A two-heap data structure for adding numbers from a stream and returning the current median in constant time.

Problem Restatement

We need to design a class called MedianFinder.

It supports two operations:

addNum(num)
findMedian()

addNum(num) adds one integer from the data stream.

findMedian() returns the median of all numbers added so far.

The median is the middle value in a sorted list. If the list has an even number of values, the median is the average of the two middle values. The answer is accepted if it is within 10^-5 of the actual answer.

Input and Output

OperationMeaning
MedianFinder()Initializes the object
addNum(num)Adds one integer
findMedian()Returns the median of all inserted numbers

Class shape:

class MedianFinder:
    def __init__(self):
        ...

    def addNum(self, num: int) -> None:
        ...

    def findMedian(self) -> float:
        ...

Examples

For these calls:

medianFinder = MedianFinder()
medianFinder.addNum(1)
medianFinder.addNum(2)
medianFinder.findMedian()
medianFinder.addNum(3)
medianFinder.findMedian()

The internal sorted values change like this:

OperationSorted ValuesMedian
addNum(1)[1]
addNum(2)[1, 2]
findMedian()[1, 2]1.5
addNum(3)[1, 2, 3]
findMedian()[1, 2, 3]2.0

So the outputs for the two median calls are:

1.5
2.0

First Thought: Store and Sort

A simple solution stores every number in a list.

When findMedian() is called, sort the list and read the middle.

class MedianFinder:
    def __init__(self):
        self.nums = []

    def addNum(self, num: int) -> None:
        self.nums.append(num)

    def findMedian(self) -> float:
        nums = sorted(self.nums)
        n = len(nums)

        if n % 2 == 1:
            return float(nums[n // 2])

        return (nums[n // 2 - 1] + nums[n // 2]) / 2

This is correct, but sorting every time is expensive.

If there are many calls to findMedian(), the repeated sorting dominates the runtime.

Problem With Sorting Every Time

Sorting costs:

O(n log n)

per median query.

But the median only depends on the middle boundary of the sorted values.

We do not need the entire sorted list on every query.

We need a structure that keeps the lower half and upper half separated.

Key Insight

Use two heaps.

HeapStoresTop Gives
smallSmaller half of numbersLargest number in smaller half
largeLarger half of numbersSmallest number in larger half

Python only has a min-heap, so we store negative values in small to simulate a max-heap.

The heaps maintain two rules:

  1. Every value in small is less than or equal to every value in large.
  2. The heap sizes differ by at most one.

Then the median is easy:

Heap SizesMedian
Same sizeAverage of both heap tops
small has one moreTop of small
large has one moreTop of large

Algorithm

To add a number:

  1. Push it into small.
  2. Move the largest value from small into large.
  3. If large becomes larger than small, move the smallest value from large back to small.
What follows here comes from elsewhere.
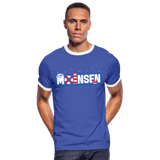 Moinsen - Männer Kontrast-T-Shirt - Blau/Weiß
This keeps small either the same size as large, or one element larger.

For findMedian():

If both heaps have the same size:

(-small[0] + large[0]) / 2

Otherwise:

-small[0]

because small stores negative values.

Correctness

The algorithm keeps the smaller half in small and the larger half in large.

When a number is added, it is first inserted into small. Then the largest value from small is moved to large. This guarantees that no value left in small is greater than the smallest candidate in large.

If large becomes larger than small, the smallest value from large is moved back to small. This restores the size rule while preserving ordering, because the moved value is the smallest value in the larger half.

After every insertion, the two heaps split all inserted values around the median. small contains the lower half, and large contains the upper half.

If the total count is odd, small has one extra value, and its top is the median.

If the total count is even, the median is the average of the largest value in the lower half and the smallest value in the upper half.

Therefore findMedian() returns the correct median.

Complexity

OperationTimeSpaceWhy
addNumO(log n)O(n)Heap push and pop
findMedianO(1)O(n)Reads heap tops
ConstructorO(1)O(1)Initializes two heaps

Implementation

import heapq

class MedianFinder:
    def __init__(self):
        self.small = []
        self.large = []

    def addNum(self, num: int) -> None:
        heapq.heappush(self.small, -num)

        largest_small = -heapq.heappop(self.small)
        heapq.heappush(self.large, largest_small)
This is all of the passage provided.